So while these bigger brands that don't have as much control, they might be more hesitant
or might even have more difficulty testing out different products or testing out different
variations, whereas that wasn't an issue at all for Lulu Lemon. And I listened to the audiobook,
Chip Wilson wrote this book called The Story of Lulu Lemon, and it started get me up to speed
on your level of how well you know Lulu Lemon. And it was a good read to get a sense of what the
company's all about and what his vision was from the beginning. And one thing that was interesting
from the book was how Chip was really able to see these trends that were coming and capitalize
them. So he could see, hey, we're in the early innings of this surfing trend or this
skateboarding trend like he did with West Beach. And it was in 1998 when he started Lulu, he's like,
hey, I think yoga is still in his early innings. And he kind of hit the ball out of the ballpark
with that one, just like he did with his previous company. So these types of books that you read of
these stories, they're great because you get to hear this story of how the business was born,
sort of the DNA. You get a sense of, you know, their culture. And what was behind the thinking of
the entrepreneur from the beginning and some of the growing pains they had to go through. And you really
sort of gain an appreciation of what it takes to grow a multi-billion dollar company. It just,
it sounds sort of easy when you just see these brands out in the streets, but there's a lot of
work and a lot of pain that goes into it from someone like Chip. One thing that I also found
interesting from the book is that you talked a bit about the brand ambassadors. And he really
took to heart to get feedback from all these ambassadors and continually innovate the product. So it's
this continuous iteration of, you know, it's not Chip saying, hey, we got to do the product this
way, it's getting feedback primarily from a lot of women because they're selling two women. So that's who
he's getting feedback from and that's who a lot of these ambassadors are. So he really embraced
innovation as a part of one of their core values. And as you mentioned, they've really been a huge
beneficiary to the trend towards e-commerce. So initially, we may not have seen a huge growth in
e-commerce when they started in 1998. But today, it's a core part of their business. So if you look
back five years ago and you look at the revenues for their store sales and then you
look at their e-commerce. In 2019, they did $2.1 billion in sales in their stores. And then they did
$850 million in their e-commerce segment. And you fast forward to today, the stores did $4.4 billion
in revenue. And then the e-commerce segment did $4.3 billion. So the e-commerce segment has nearly
surpassed their store sales. Despite the in-stores sales continuing to grow at a fast clip, they're
continuing to open new stores. So there's just so much tailwinds right now behind.

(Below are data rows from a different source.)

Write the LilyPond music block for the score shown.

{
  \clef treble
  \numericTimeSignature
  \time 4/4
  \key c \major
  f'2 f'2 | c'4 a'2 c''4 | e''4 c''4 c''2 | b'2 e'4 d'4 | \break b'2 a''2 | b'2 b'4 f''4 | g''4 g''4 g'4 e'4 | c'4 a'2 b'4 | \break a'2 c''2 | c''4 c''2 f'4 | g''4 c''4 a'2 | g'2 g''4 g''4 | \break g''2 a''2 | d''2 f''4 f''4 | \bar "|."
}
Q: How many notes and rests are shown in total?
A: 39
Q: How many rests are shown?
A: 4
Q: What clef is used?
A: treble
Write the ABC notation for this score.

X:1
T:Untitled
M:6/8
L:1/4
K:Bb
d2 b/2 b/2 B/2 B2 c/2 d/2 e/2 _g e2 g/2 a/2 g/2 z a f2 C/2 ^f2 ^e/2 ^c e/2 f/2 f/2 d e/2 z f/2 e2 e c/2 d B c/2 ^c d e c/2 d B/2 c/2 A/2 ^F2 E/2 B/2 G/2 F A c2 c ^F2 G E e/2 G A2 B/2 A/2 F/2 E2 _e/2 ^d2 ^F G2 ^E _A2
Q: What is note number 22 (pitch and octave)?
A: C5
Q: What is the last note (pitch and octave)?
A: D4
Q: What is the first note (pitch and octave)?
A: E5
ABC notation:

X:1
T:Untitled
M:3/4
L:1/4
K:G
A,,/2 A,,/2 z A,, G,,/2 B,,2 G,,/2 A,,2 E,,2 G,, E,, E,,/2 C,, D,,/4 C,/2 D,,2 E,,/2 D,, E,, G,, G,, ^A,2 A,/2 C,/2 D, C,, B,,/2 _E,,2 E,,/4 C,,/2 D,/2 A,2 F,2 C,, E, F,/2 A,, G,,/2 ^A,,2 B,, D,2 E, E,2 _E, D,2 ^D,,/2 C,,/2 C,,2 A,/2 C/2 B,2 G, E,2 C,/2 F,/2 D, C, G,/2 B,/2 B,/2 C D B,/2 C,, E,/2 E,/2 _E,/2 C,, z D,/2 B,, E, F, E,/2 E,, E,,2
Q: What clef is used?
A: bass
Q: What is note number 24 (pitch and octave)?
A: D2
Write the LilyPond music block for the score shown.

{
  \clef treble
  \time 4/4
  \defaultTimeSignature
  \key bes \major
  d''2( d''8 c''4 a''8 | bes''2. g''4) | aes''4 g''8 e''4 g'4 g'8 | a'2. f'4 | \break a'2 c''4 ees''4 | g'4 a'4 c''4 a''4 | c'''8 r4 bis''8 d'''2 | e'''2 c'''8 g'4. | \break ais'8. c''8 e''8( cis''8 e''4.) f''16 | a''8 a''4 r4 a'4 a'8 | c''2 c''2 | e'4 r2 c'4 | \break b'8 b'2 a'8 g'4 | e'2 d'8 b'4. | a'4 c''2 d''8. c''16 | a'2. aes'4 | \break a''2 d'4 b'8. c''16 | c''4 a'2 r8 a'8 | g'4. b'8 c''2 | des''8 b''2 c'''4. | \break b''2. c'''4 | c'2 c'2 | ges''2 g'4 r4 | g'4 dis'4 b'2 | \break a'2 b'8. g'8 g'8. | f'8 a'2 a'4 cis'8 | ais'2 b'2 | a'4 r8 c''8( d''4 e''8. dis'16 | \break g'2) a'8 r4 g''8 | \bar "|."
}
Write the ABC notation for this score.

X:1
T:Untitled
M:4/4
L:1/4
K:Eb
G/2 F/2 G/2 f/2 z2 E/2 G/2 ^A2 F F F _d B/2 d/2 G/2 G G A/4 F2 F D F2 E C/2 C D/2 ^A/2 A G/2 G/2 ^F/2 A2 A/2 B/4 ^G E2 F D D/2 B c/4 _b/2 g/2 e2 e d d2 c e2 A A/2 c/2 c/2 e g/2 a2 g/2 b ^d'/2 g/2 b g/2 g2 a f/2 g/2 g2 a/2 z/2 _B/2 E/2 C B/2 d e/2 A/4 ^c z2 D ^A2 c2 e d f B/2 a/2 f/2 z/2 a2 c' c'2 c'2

the business. And 15 years ago, the e-commerce segment had barely existed. And then right after they
went public, they actually released their e-commerce. And I think that's another example of Chipp,
sort of seeing where things were heading. He definitely wanted to control how the brand was viewed
in the eyes of consumers. And he had to be really thoughtful in, you know, releasing that e-commerce
segment because it's a much different ball game than having your own stores. And they just, again,
they knocked the ball out of the ballpark on that one. And then I also wanted to touch on revenue by
geography. So Lulu initially started in Vancouver, started to expand in the U.S. and did so very
successfully. When you look at over the past year, over 65% of revenue came from the U.S.
and then ever-increasing part is coming from China. So China is definitely a key part of their
growth strategy. They didn't receive any revenue from China three years ago. And since then,
they've just seen substantial growth. So today, nearly 12% of revenue comes from China. And again,
And that segment's just growing very rapidly.
It grew by over 60% over the past year.
Revenue in the U.S. grew by around 12%.
So really a lot of that growth is coming from China, but it's a smaller segment.
You're still seeing pretty good growth from the U.S.
And then the e-commerce is also providing them a lot of growth as well.
Yeah, so the growth along geographies has been great, as Clay pointed out,
especially when you look at China and outside of North America.
But they have a lot of growth drivers going ahead.
So they currently have a growth initiative that they call the power of three.
So this was initiated in 2022.
The main goal is to double the business's net revenue from $6.5 billion in 2021 to about $12.5 billion by $20.6.
So the three growth initiatives are one, product innovation, two, guest experience, and three, market expansion.
So they're trailing 12 months, net revenues today are about $9.6 billion.
So they look pretty much right on schedule compounding revenues around.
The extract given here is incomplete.